In this workshop series, Kandaka Editor-In-Chief Amuna Wagner invites you to creatively cultivate tools for strategic optimism (despite the pain of existence). Through writing exercises and literature-led discussion, we will draw inspiration from feminist authors and each other. In three two-hour long sessions throughout January (beginning in the second week of Jan), we will write foundations to build supportive communities through words. We will learn and grow from grief, and practice embracing abundance wholly and fully. Each week, Amuna invites you to engage with a reading before we convene online for collective, thematic free writes. You do not need to be a writer to participate, and you can write in your (any) language of choice.

The structure of this workshop will go as follows:

1. Writing Community (reading a snippet of Akwaeke Emezi’s Freshwater)

2. Writing Grief (reading a snippet of Arundhati Roy’s The Ministry of Utmost Happiness)

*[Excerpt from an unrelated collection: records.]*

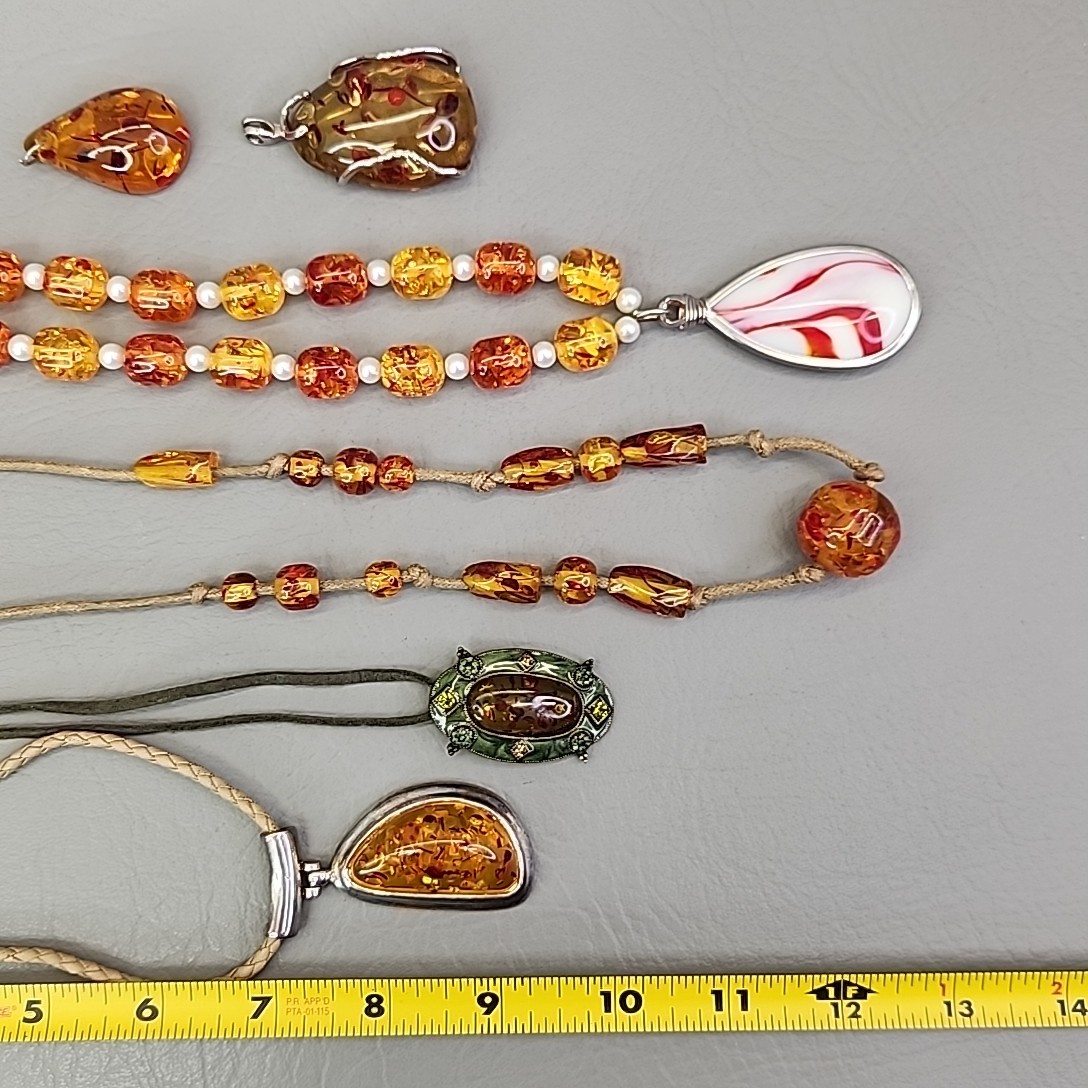 Faux Amber Necklace Lot of 6 Pendants Beads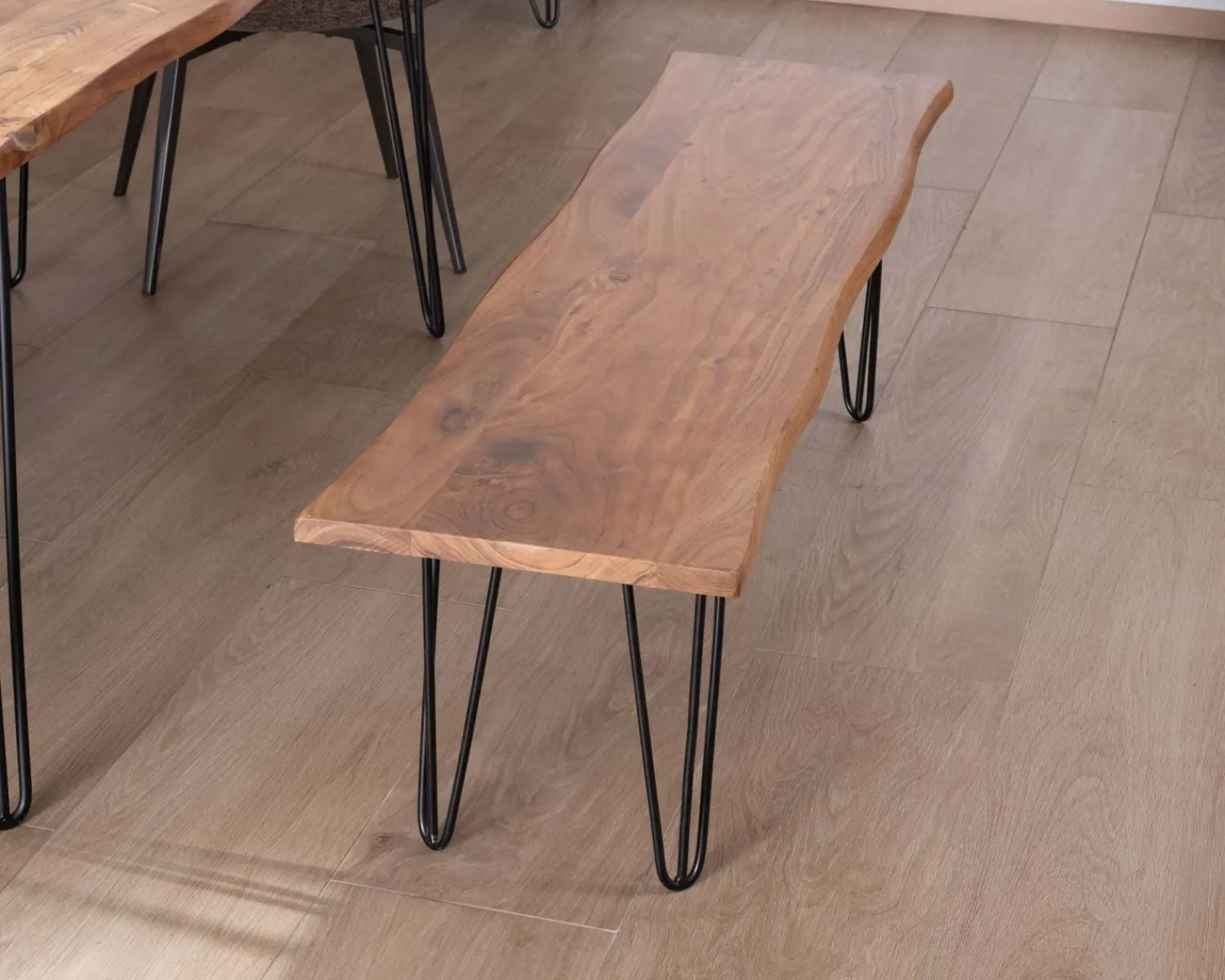 Meuble House Banc design épuré 160 cm en acacia et pieds métal "Wendy" New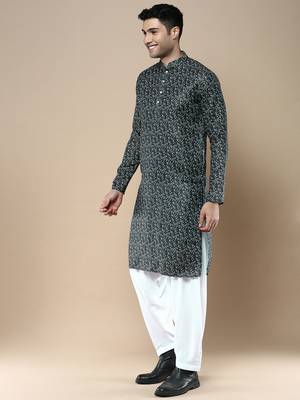 Men's designer & stylish printed traditional cotton kurta & pajama set by sanwara 2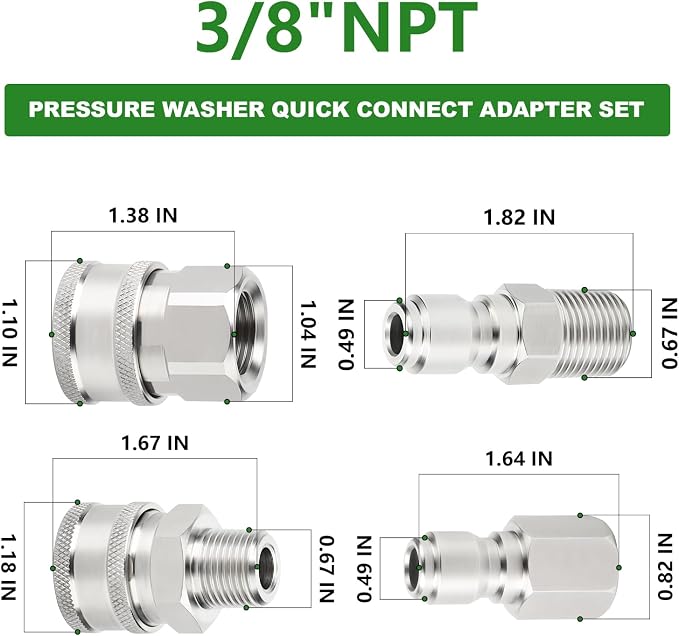 TAISHER 1PCS 304 Stainless Steel Pressure Washer Adapter Kit, NPT Quick Connect Fittings, 3/8" NPT Thread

3. Writing Abundance (reading TBA)

This workshop series is offered on a sliding price scale. The suggested contribution is $50. The minimum contribution is $15. Pay what you can and do not be discouraged to sign up with whatever it is you can offer!

Sign up here

Amuna Wagner is a writer, filmmaker and journalist. She studied International Relations and Arabic at the School of Oriental and African Studies, University of London, with a special interest in decolonising processes and the politics of gender. In her art, Amuna explores the many ways through which we heal ourselves and others: ancestry, identity, pleasure activism, feminist spiritualities, and creative knowledge production. Amuna is Co-founder and Editor-In-Chief of Kandaka, a platform that imagines feminist futures at the intersection of art, pleasure, and activism. She has published articles and poetry on The Pan African Music Magazine, Amaka Studio, Egyptian Streets, Skin Deep, Meeting of Minds, shado mag, Rosa Mag and sweetthangzine. She has been facilitating creative writing for three years. Her most recent writing class, entitled Reading Feminism/Writing To Live, produced High Priestess in Low Tides, a zine from Cairo to the world.